The COVID-19 global pandemic is spread via respiratory droplets by an infected person through coughing, sneezing, singing, speaking etc. In an effort to reduce the spread, employees may find themselves in a tough spot should their employer begin to impose policies mandating the COVID-19 vaccination within the workplace. Popular opinion argues that in receiving the vaccination, you are contributing to the reduced spread of COVID-19 and protecting the vulnerable. However, there is a more compelling argument that this virus is here to stay and that the already existing protective measures in place are sufficient. Furthermore, because the vaccine is in early stages of development, to mandate it would be not only negligent, but a grave infringement of our privacy and security of the person rights.
Is an employer legally allowed to require vaccination within the workplace?

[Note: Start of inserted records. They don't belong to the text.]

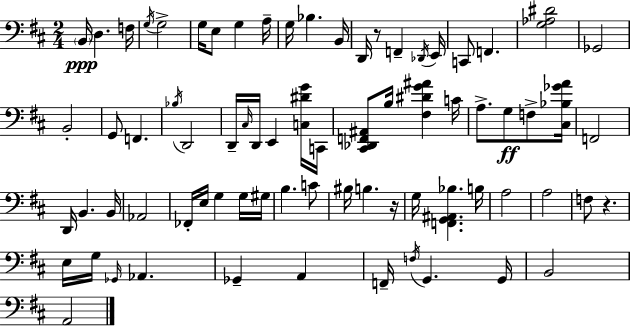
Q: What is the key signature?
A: D major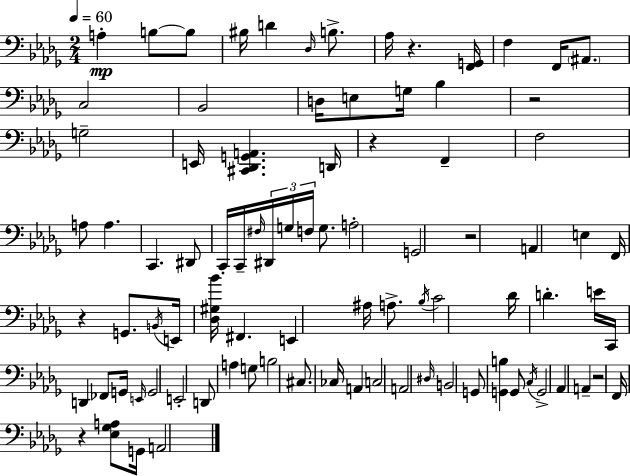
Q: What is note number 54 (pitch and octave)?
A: G2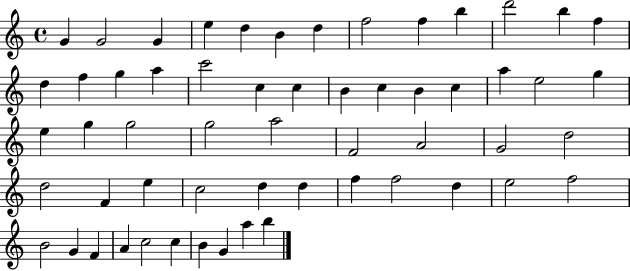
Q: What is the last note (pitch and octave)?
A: B5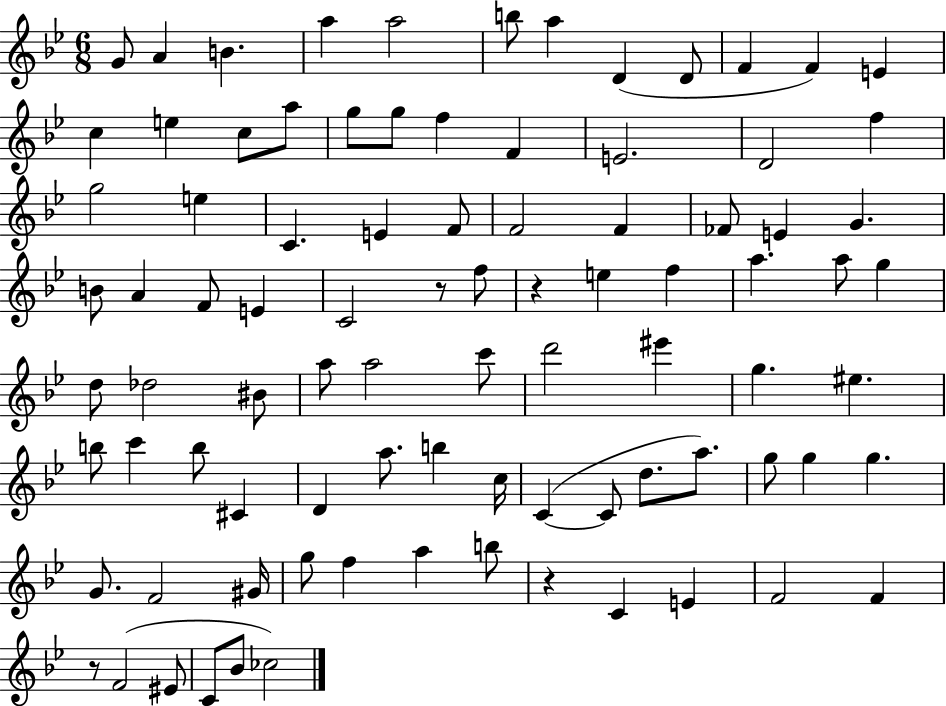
X:1
T:Untitled
M:6/8
L:1/4
K:Bb
G/2 A B a a2 b/2 a D D/2 F F E c e c/2 a/2 g/2 g/2 f F E2 D2 f g2 e C E F/2 F2 F _F/2 E G B/2 A F/2 E C2 z/2 f/2 z e f a a/2 g d/2 _d2 ^B/2 a/2 a2 c'/2 d'2 ^e' g ^e b/2 c' b/2 ^C D a/2 b c/4 C C/2 d/2 a/2 g/2 g g G/2 F2 ^G/4 g/2 f a b/2 z C E F2 F z/2 F2 ^E/2 C/2 _B/2 _c2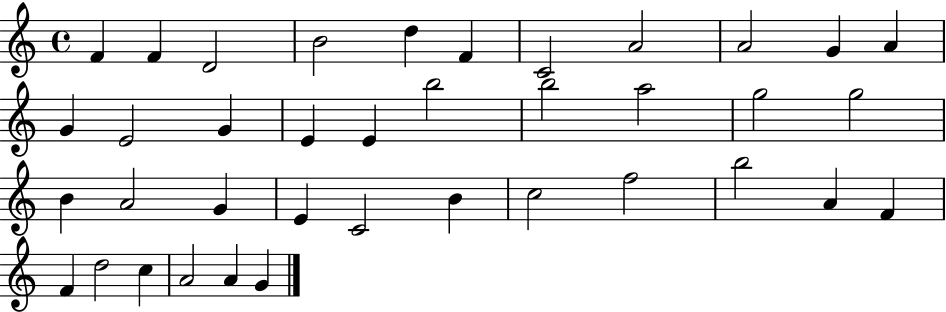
{
  \clef treble
  \time 4/4
  \defaultTimeSignature
  \key c \major
  f'4 f'4 d'2 | b'2 d''4 f'4 | c'2 a'2 | a'2 g'4 a'4 | \break g'4 e'2 g'4 | e'4 e'4 b''2 | b''2 a''2 | g''2 g''2 | \break b'4 a'2 g'4 | e'4 c'2 b'4 | c''2 f''2 | b''2 a'4 f'4 | \break f'4 d''2 c''4 | a'2 a'4 g'4 | \bar "|."
}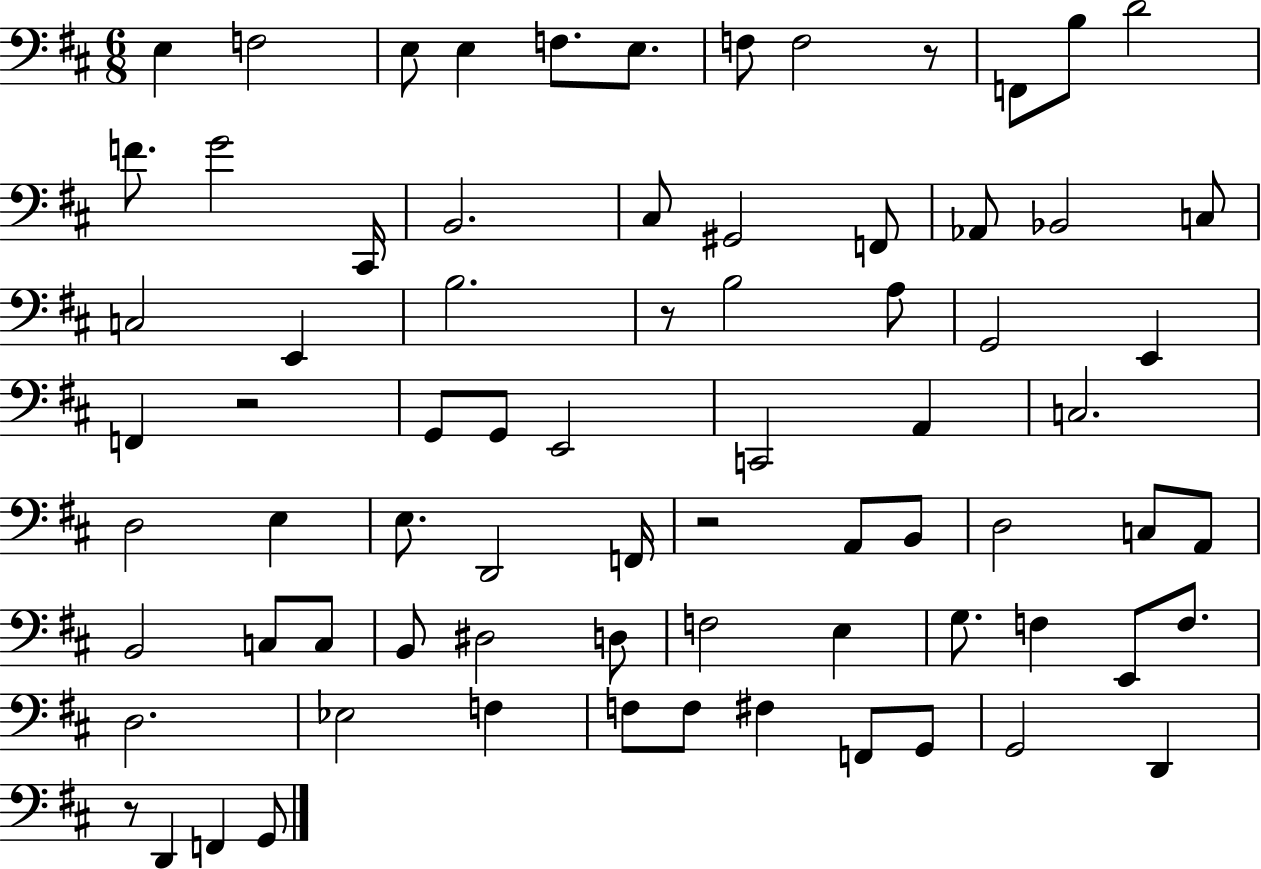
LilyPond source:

{
  \clef bass
  \numericTimeSignature
  \time 6/8
  \key d \major
  e4 f2 | e8 e4 f8. e8. | f8 f2 r8 | f,8 b8 d'2 | \break f'8. g'2 cis,16 | b,2. | cis8 gis,2 f,8 | aes,8 bes,2 c8 | \break c2 e,4 | b2. | r8 b2 a8 | g,2 e,4 | \break f,4 r2 | g,8 g,8 e,2 | c,2 a,4 | c2. | \break d2 e4 | e8. d,2 f,16 | r2 a,8 b,8 | d2 c8 a,8 | \break b,2 c8 c8 | b,8 dis2 d8 | f2 e4 | g8. f4 e,8 f8. | \break d2. | ees2 f4 | f8 f8 fis4 f,8 g,8 | g,2 d,4 | \break r8 d,4 f,4 g,8 | \bar "|."
}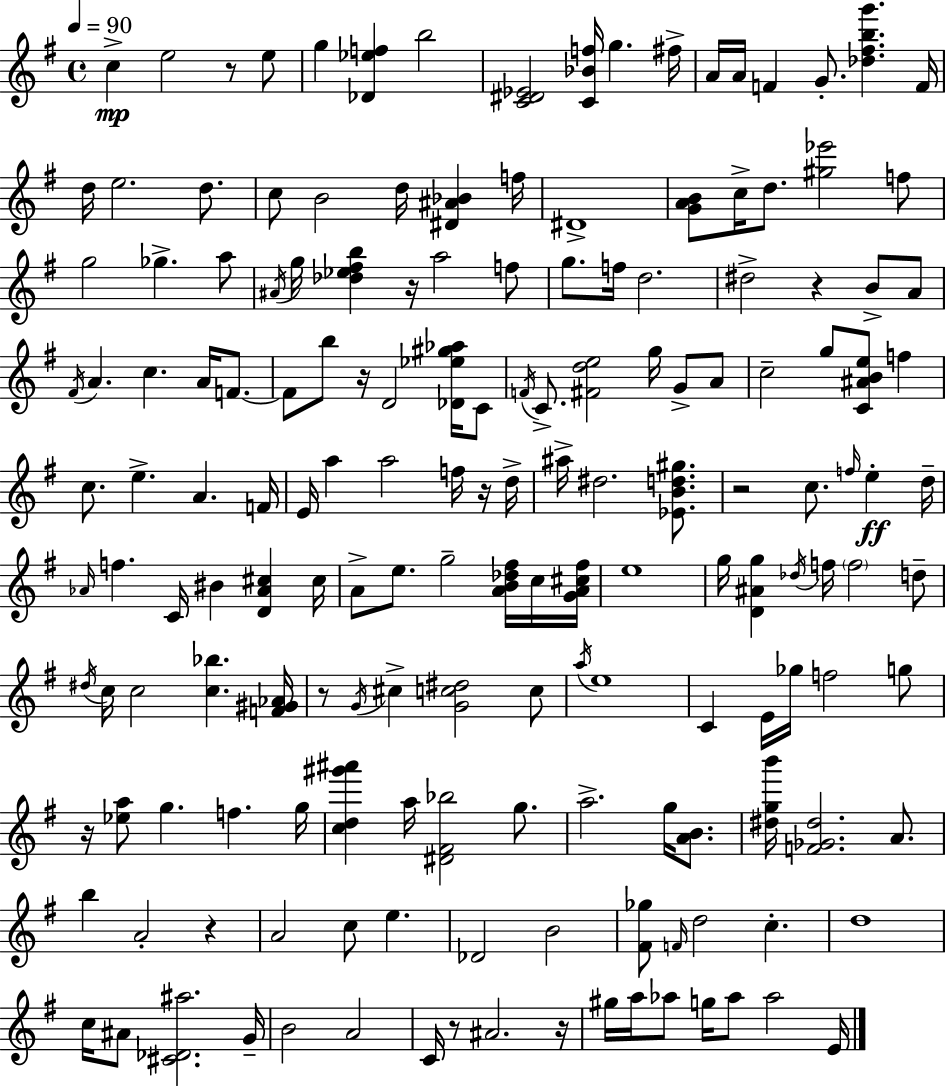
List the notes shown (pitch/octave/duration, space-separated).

C5/q E5/h R/e E5/e G5/q [Db4,Eb5,F5]/q B5/h [C4,D#4,Eb4]/h [C4,Bb4,F5]/s G5/q. F#5/s A4/s A4/s F4/q G4/e. [Db5,F#5,B5,G6]/q. F4/s D5/s E5/h. D5/e. C5/e B4/h D5/s [D#4,A#4,Bb4]/q F5/s D#4/w [G4,A4,B4]/e C5/s D5/e. [G#5,Eb6]/h F5/e G5/h Gb5/q. A5/e A#4/s G5/s [Db5,Eb5,F#5,B5]/q R/s A5/h F5/e G5/e. F5/s D5/h. D#5/h R/q B4/e A4/e F#4/s A4/q. C5/q. A4/s F4/e. F4/e B5/e R/s D4/h [Db4,Eb5,G#5,Ab5]/s C4/e F4/s C4/e. [F#4,D5,E5]/h G5/s G4/e A4/e C5/h G5/e [C4,A#4,B4,E5]/e F5/q C5/e. E5/q. A4/q. F4/s E4/s A5/q A5/h F5/s R/s D5/s A#5/s D#5/h. [Eb4,B4,D5,G#5]/e. R/h C5/e. F5/s E5/q D5/s Ab4/s F5/q. C4/s BIS4/q [D4,Ab4,C#5]/q C#5/s A4/e E5/e. G5/h [A4,B4,Db5,F#5]/s C5/s [G4,A4,C#5,F#5]/s E5/w G5/s [D4,A#4,G5]/q Db5/s F5/s F5/h D5/e D#5/s C5/s C5/h [C5,Bb5]/q. [F4,G#4,Ab4]/s R/e G4/s C#5/q [G4,C5,D#5]/h C5/e A5/s E5/w C4/q E4/s Gb5/s F5/h G5/e R/s [Eb5,A5]/e G5/q. F5/q. G5/s [C5,D5,G#6,A#6]/q A5/s [D#4,F#4,Bb5]/h G5/e. A5/h. G5/s [A4,B4]/e. [D#5,G5,B6]/s [F4,Gb4,D#5]/h. A4/e. B5/q A4/h R/q A4/h C5/e E5/q. Db4/h B4/h [F#4,Gb5]/e F4/s D5/h C5/q. D5/w C5/s A#4/e [C#4,Db4,A#5]/h. G4/s B4/h A4/h C4/s R/e A#4/h. R/s G#5/s A5/s Ab5/e G5/s Ab5/e Ab5/h E4/s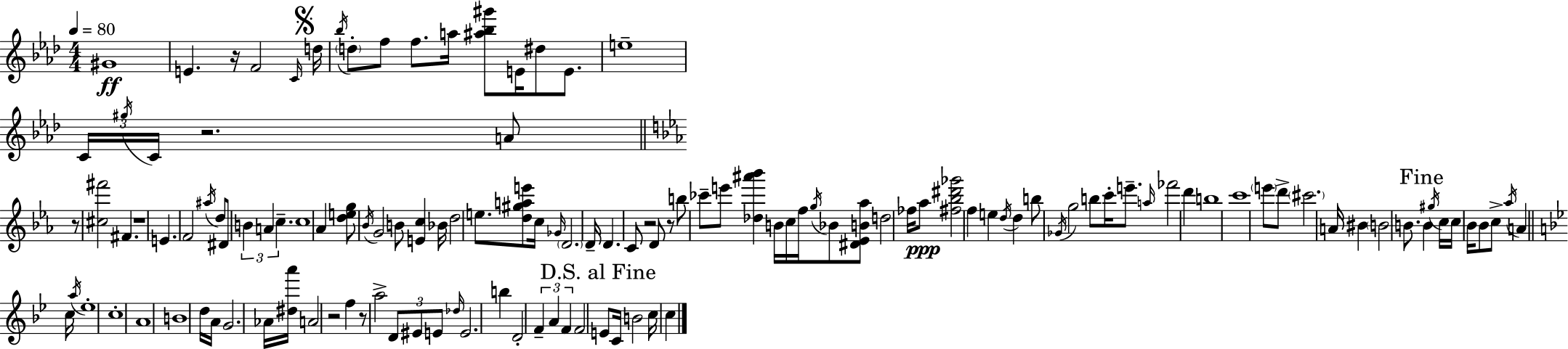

Cases in the past demonstrate that employers have tried to require vaccination in the workplace. This is even when the collective agreement did not offer the employer the authority to do so. The case of St. Peter’s Health System v C.U.P.E deals with this very issue. The employer relied on the management’s right clause to stipulate that in the case of a flu outbreak, anyone without the flu shot would be suspended from work without pay. The Union filed a grievance regarding the policy, arguing that this was a forced medical treatment and that it should have been bargained and consented to by the employee instead of being unilaterally enforced. The Union argued that mandating vaccination was an invasion of privacy and assault on a person. The arbitrator in this case decided that suspending an employee for refusing to undergo medical treatment was in fact an invasion of their right to privacy and by suspending the employee the employer was essentially “requiring” the vaccine. The arbitrator held that this mandate would constitute an assault on the employee since there was no consent to the treatment. The arbitrator emphasized that the mandate was considered a treatment and not simply an examination and therefore consent was a prerequisite. The arbitrator also emphasized that the employer should have sought direction from the Ministry of Health, especially considering that the mandate was not bargained for with the nurse’s Union, prior to implementing such a serious mandate.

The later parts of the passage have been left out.